Honorary Member

Hiroaki MURAOKA
Hiroaki MURAOKA

Dr. Hiroaki Muraoka graduated from the Department of Communications Engineering in the School of Engineering at Tohoku University in 1976 and received his doctorate in engineering from Tohoku University in 1981. After graduating from graduate school, he joined Matsushita Communication Industrial Co., Ltd., where he was involved in research and development of flexible disk drives. In 1991, he was hired as an assistant professor at the Research Institute of Electrical Communication at Tohoku University. After serving as an associate professor, he was promoted to professor in 2000 and took charge of the field of information storage research. Since 2010, he has also been Director of the Research Center for 21st Century Information Technology attached to the Research Institute of Electrical Communication at Tohoku University, making significant contributions to research and education. In 2018, he was awarded the title of Professor Emeritus of Tohoku University.
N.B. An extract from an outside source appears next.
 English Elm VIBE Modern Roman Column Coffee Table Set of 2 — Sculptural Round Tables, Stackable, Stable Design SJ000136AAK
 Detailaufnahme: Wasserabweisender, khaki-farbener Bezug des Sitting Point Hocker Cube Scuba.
He first encountered perpendicular magnetic recording, which had just been invented in the Shunichi Iwasaki Laboratory of the Research Institute of Electrical Communication at Tohoku University. For more than 40 years since then, he has been consistently engaged in research on perpendicular magnetic recording and its application to hard disk drives and information storage systems. He has worked on improving the high-density recording performance of magnetic heads and disks, which are the most important elements in magnetic recording. He significantly improved recording performance by fundamentally revising the magnetic pole structure of perpendicular magnetic heads and demonstrated recording with the narrowest recording track width at that time. Regarding perpendicular magnetic disks, he has researched high-density recording based on recording and reproduction theory, such as proposing a noise reduction method based on analysis of the nano-sized fine magnetic structure of the recording magnetic layer. Furthermore, he demonstrated excellent high-density recording performance and good error rate characteristics by prototyping the recording head as a practical flying head for hard disk drives. This was the result of experimentally verifying the practical high-density recording performance of perpendicular magnetic recording, which attracted international attention and accelerated the trend of transitioning from conventional longitudinal magnetic recording to perpendicular magnetic recording.
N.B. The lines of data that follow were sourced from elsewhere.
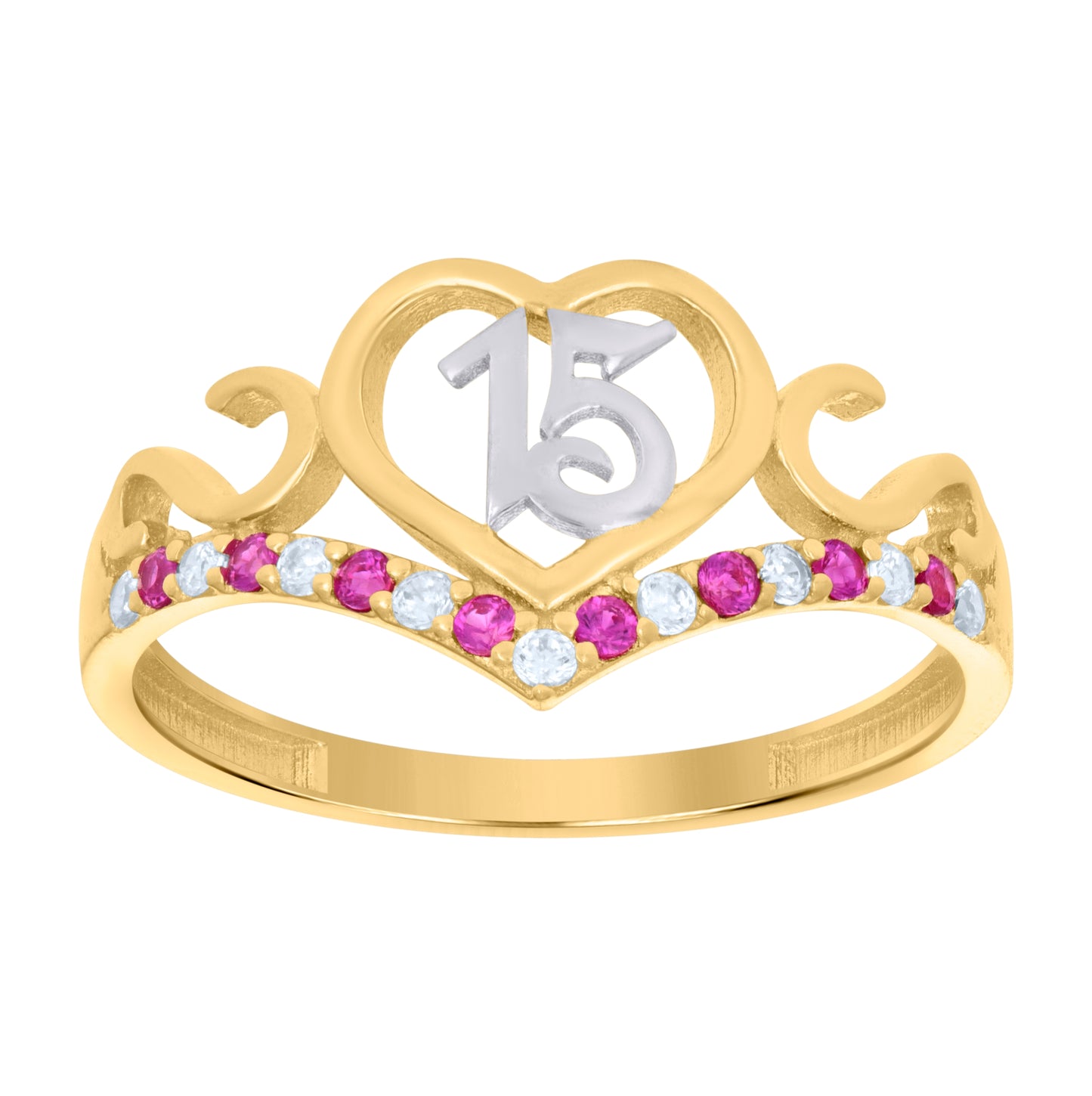14K Two-tone Gold Womens Pink White Cubic-Zirconia 15 Heart Quinceanera Ring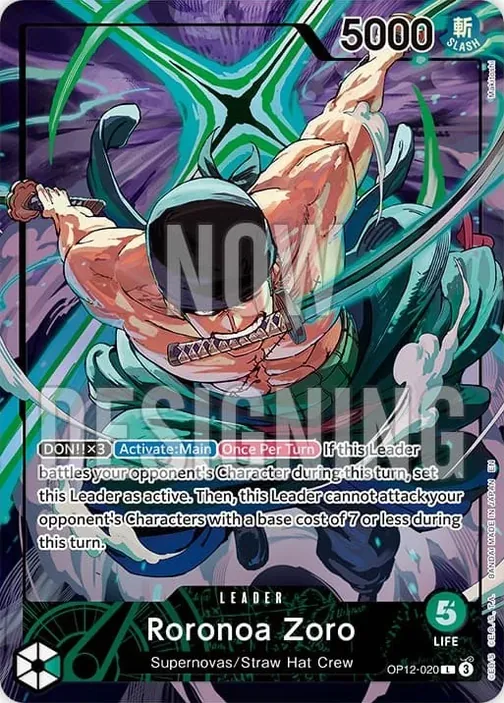 Carte One Piece anglaise OP12-020 Roronoa Zoro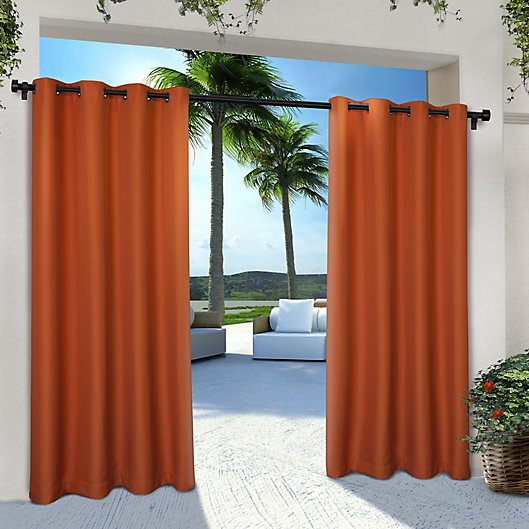 Alternate image 1 for Solid Indoor/Outdoor 96-Inch Grommet Window Curtain Panels in Orange (Set of 2)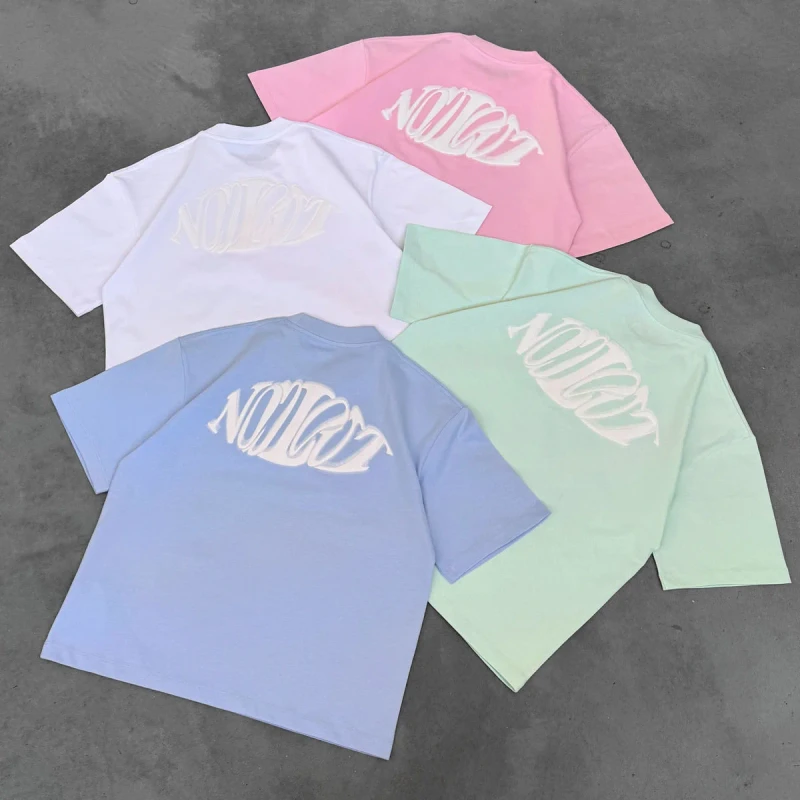 Custom-Logo-Puff-Printing-Solid-Color-Blank-Cotton-T-Shirt-Summer-Fashion-Graphic-T-Shirt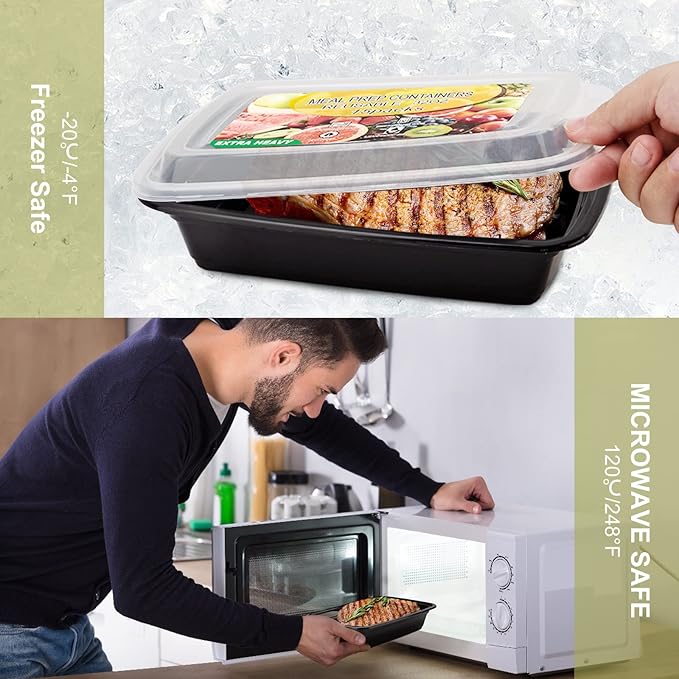 15 Pack- Meal Prep Containers 32oz, Plastic Food Prep Containers Reusable, Leakproof To Go Food Containers with Lids, BPA-Free, Microwave/Dishwasher/Freezer Safe
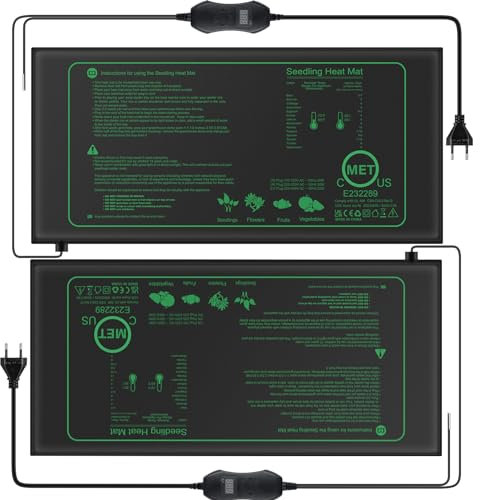 Mojimdo 50W Heizmatte Pflanzen mit Thermostat - Schnelle Erwärmung, Feuerschutz, Wärmematte zur Keimung und Temperatur-Regulierung, ideal für Sämlinge, Haustiere und Reptilien (2er Pack)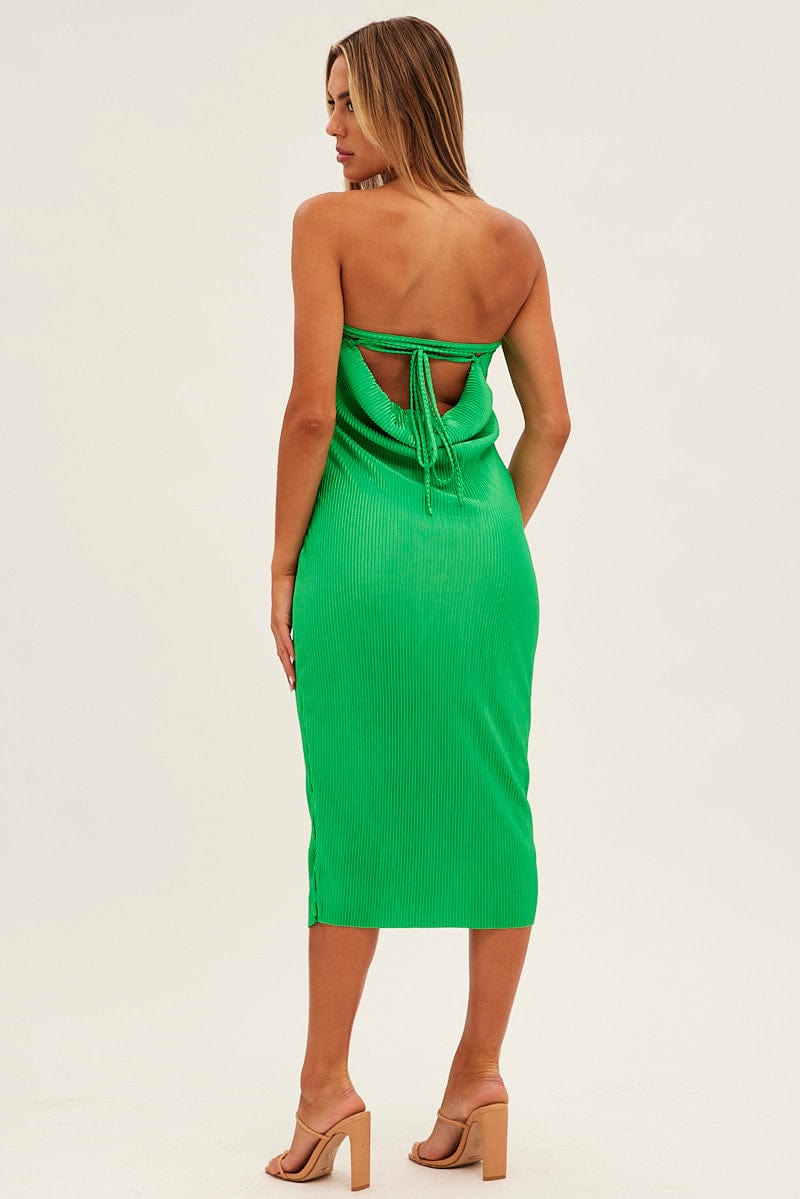 Green Midi Dress Bandeau Plisse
After perpendicular magnetic recording was put to practical use in 2005, he continued research of next-generation high-density recording. He revealed the possibility of achieving several times higher recording density using a novel bit pattern type perpendicular magnetic recording medium. He has also been involved in research on information storage systems that take advantage of the high-capacity performance of perpendicular magnetic recording hard disk drives and has developed technologies for information systems with excellent power-saving performance and disaster resistance.
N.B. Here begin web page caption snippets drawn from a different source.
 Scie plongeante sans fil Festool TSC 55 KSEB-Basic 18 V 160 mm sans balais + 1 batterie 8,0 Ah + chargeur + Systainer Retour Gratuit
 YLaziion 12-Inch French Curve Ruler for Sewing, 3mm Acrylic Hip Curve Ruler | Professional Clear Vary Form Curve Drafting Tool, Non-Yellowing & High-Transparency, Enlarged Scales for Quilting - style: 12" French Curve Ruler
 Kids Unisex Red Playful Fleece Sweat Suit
For these achievements in research and social contributions, he received the IEICE's Achievement Award, the IEICE's Electronics Society Award, the title of Fellow of the IEICE and IEEE, the Magnetics Society of Japan Achievement Award, and the Japan Broadcasting Corporation Broadcast Cultural Award. He has also contributed significantly to developing electronic information technology by serving as a member of academic societies and committees in related fields in Japan and abroad. In Japan, he served as a member of committees and councils of public organizations such as the Ministry of Education, Culture, Sports, Science and Technology, the Ministry of Economy, Trade and Industry, and the Japan Broadcasting Corporation, and as an officer of the IEICE and many other academic societies. In particular, he was active in the 144th Committee on Magnetic Recording of the Japan Society for the Promotion of Science, which was the center for industry-academia collaborative research on perpendicular magnetic recording, and regularly held international conferences on perpendicular magnetic recording under the chairmanship of Shunichi Iwasaki. He also served on many committees of international academic societies and made significant contributions to the development of the academic world on a global scale.

As described above, his contributions to technological innovation in the field of electronics, information and communications, with a focus on perpendicular magnetic recording, as well as in the field of information storage systems, have been highly significant. We are confident that he is worthy of the IEICE Honorary Member title and recommend him for it.